Identifying cancer hazards is the first step towards cancer prevention. The IARC Monographs Programme, which has evaluated nearly 1000 agents for carcinogenic potential since 1971, typically selects agents for hazard identification on the basis of public nominations, expert advice, published data on carcinogenicity, and public health importance.
Here we present a novel and complementary strategy for identifying agents for hazard evaluation using chemoinformatics, database integration and automated text mining.

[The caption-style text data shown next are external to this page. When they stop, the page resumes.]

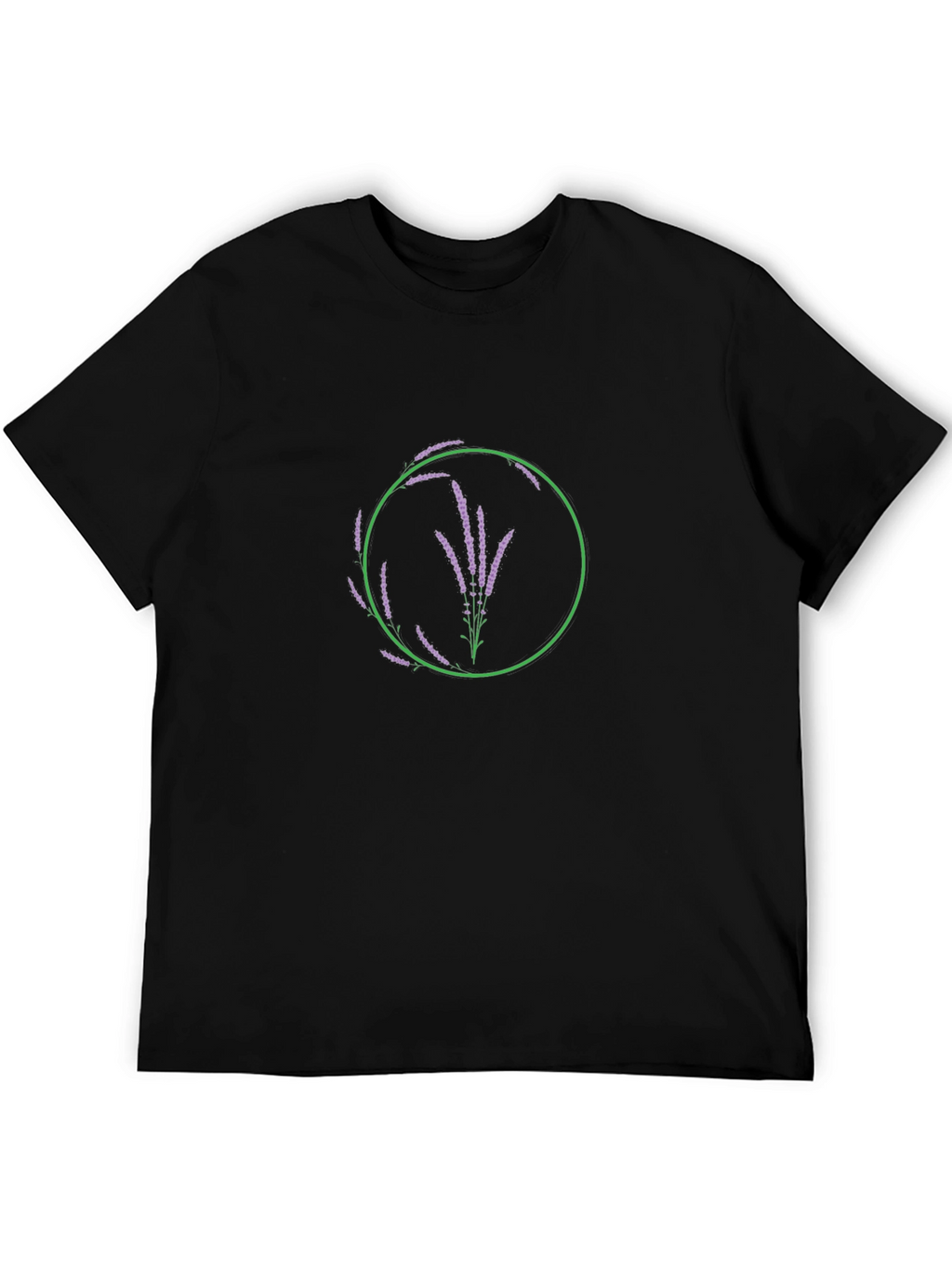 Floral Lavender Circle Graphic Tee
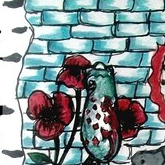 Красный и бирюзовый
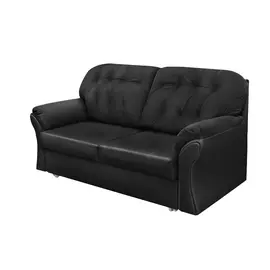 Диван ФС Ноа натуральная кожа черный 205x96x98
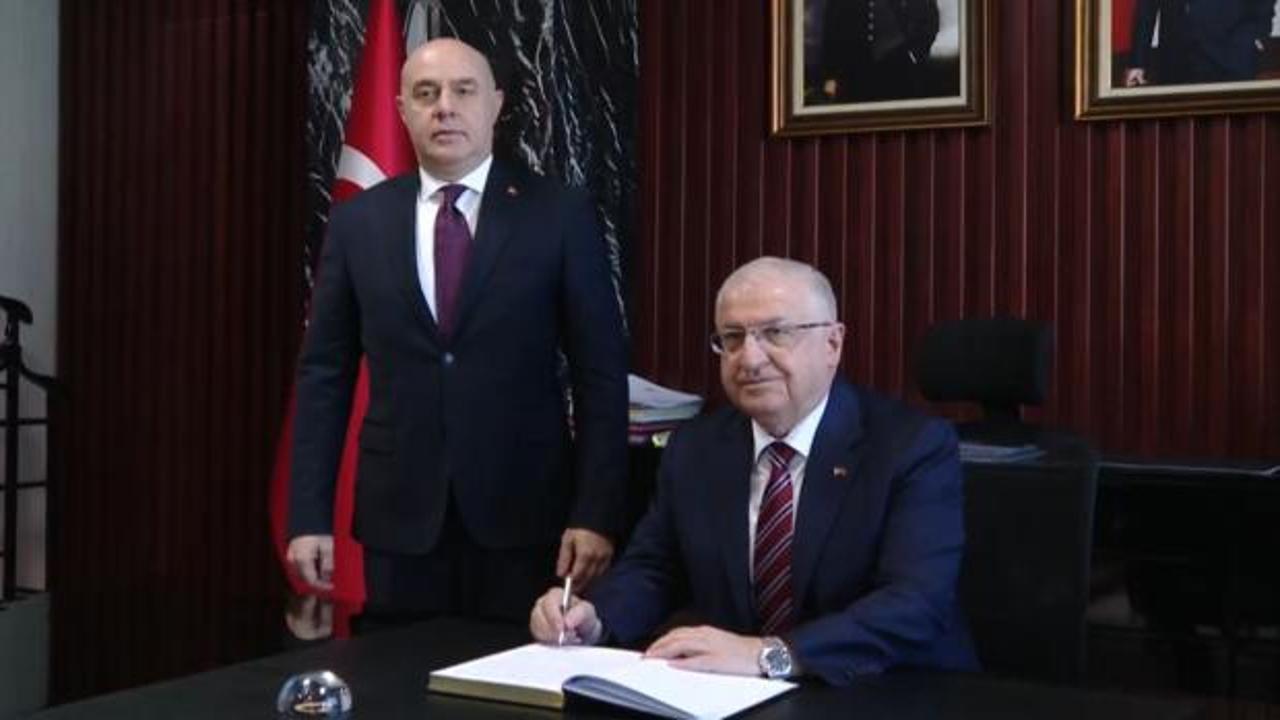 Bakan Güler'den Irak'taki Bağdat Büyükelçiliğine ziyaret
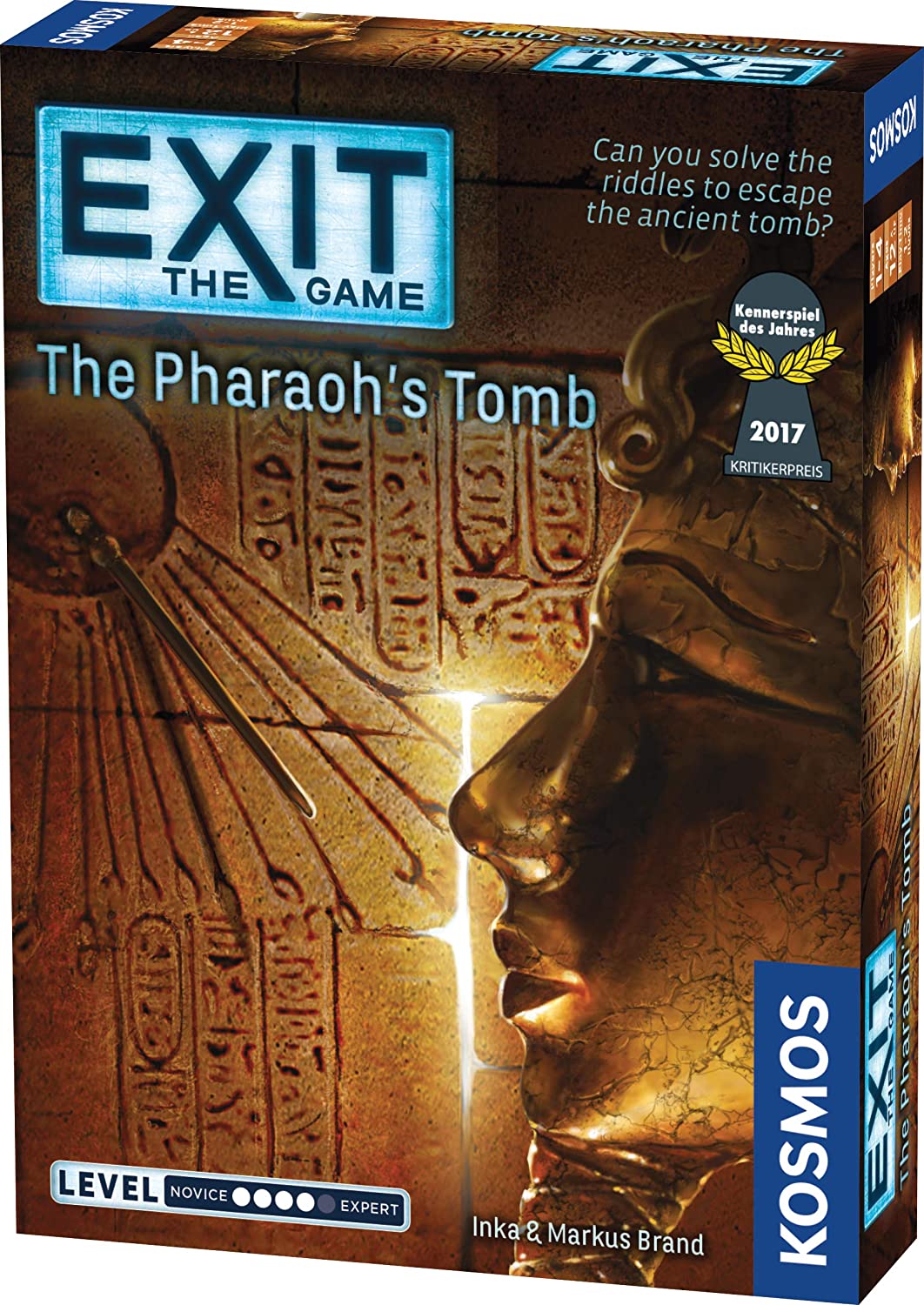 EXIT : The Pharaoh's Tomb Board Game - WiredVillage Games - Thames & Kosmos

To inform selection among a broad range of pesticides nominated for evaluation, we identified and screened nearly 6000 relevant chemical structures, thereafter systematically compiled information on 980 pesticides, creating chemical similarity network maps that allowed cluster visualization by chemical similarity, pesticide class, and publicly available information concerning cancer epidemiology, cancer bioassays, and carcinogenic mechanisms. For the IARC Monograph meetings that took place in March and June 2015, this approach supported high priority evaluation of glyphosate, malathion, parathion, tetrachlorvinphos, diazinon, DDT, lindane, and 2,4-D.
This systematic approach, accounting for chemical similarity and overlaying multiple data sources, can be used by risk assessors as well as researchers to systematize, inform and increase efficiency in selecting and prioritizing agents for hazard identification, risk assessment, regulation or further investigation. This approach could be extended to an array of outcomes and agents, including occupational carcinogens, drugs, and foods.